Here’s MORE definitive evidence that “schools with the smallest classes and the highest salaries can attract the most talented instructors”. All you folks claiming to favor “evidence based approaches” should take note: small classes + high wages = good teachers. It’s easy and obvious. Let’s stop blaming underfunded schools for their deficiencies and start supporting them at the same level as we support our best public schools.

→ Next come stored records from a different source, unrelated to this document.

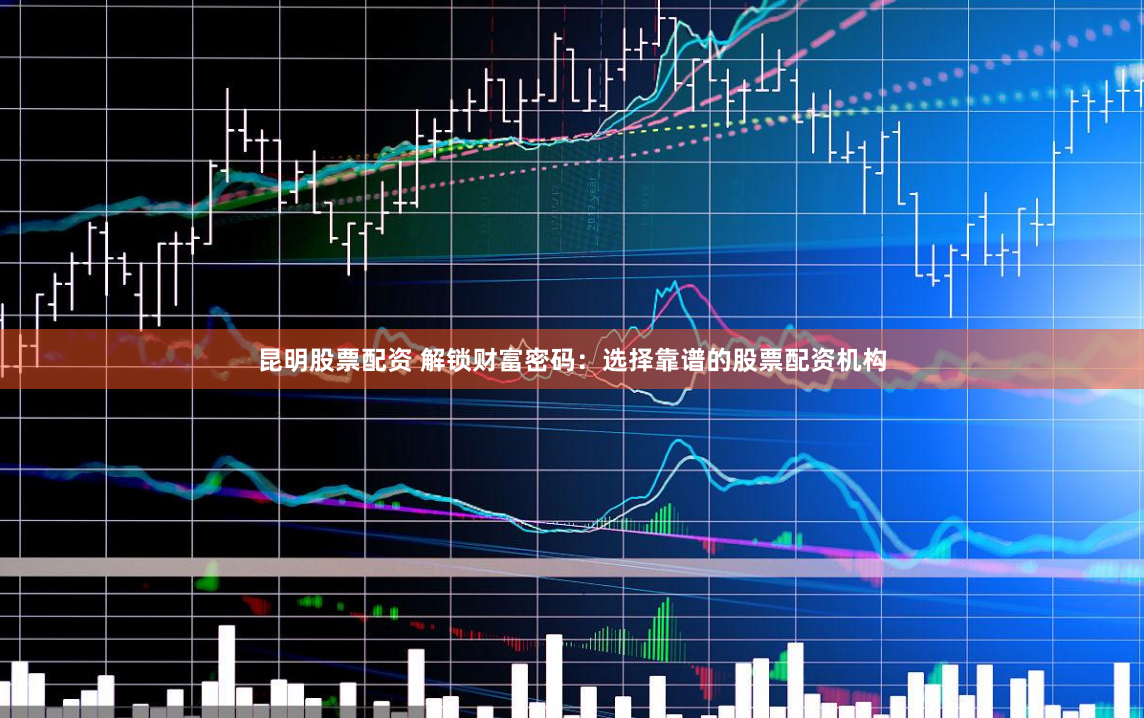昆明股票配资 解锁财富密码：选择靠谱的股票配资机构
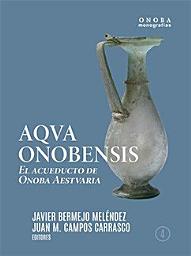 Icon image AQVA ONOBENSIS: El acueducto de Onoba Aestvaria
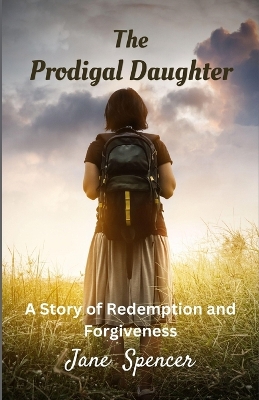 The Prodigal Daughter: A Story of Redemption and Forgiveness (Large Print Edition) book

The title of David Brooks’ column in today’s NYTimes got my attention: “Support Our Students”. Unfortunately, Brooks was writing about the wrong set of students. Instead of writing about the support children raised in poverty require Brooks used his column to criticize President Obama’s proposal to provide free community college to all students. From my perspective both Brooks and the president miss the mark, as my comment indicates:
You could solve a lot of these problems by investing more in public schools. Providing “living expenses” for community college students while cutting SNAP makes no sense. Providing funds for more counselors at the community college while retaining unacceptably high student-to-counselor ratios at high schools makes no sense. Providing funds for remedial education in community college while spending billions on bubble tests makes no sense. Providing child care costs for community college students while cutting back on “welfare” for parents of school-aged children makes no sense. What DOES make sense is providing more money to “strengthen the structures” around Pre-K through grade 12. Unfortunately the people who would benefit most from this spending– the children in those grade levels– are not eligible to vote. Even more unfortunate is the fact that their parents are not major campaign contributors so their voices are not heard.
One more point that neither Brooks or the President are making: the impact of student loans. Because student loans can be used to defray living expenses, many college aged youngsters use the loans to cover their non-tuition costs and if they fail to graduate find themselves struggling to pay off those loans. Reforming the student loan industry should be a part of any legislation that expands the enrollments in community colleges.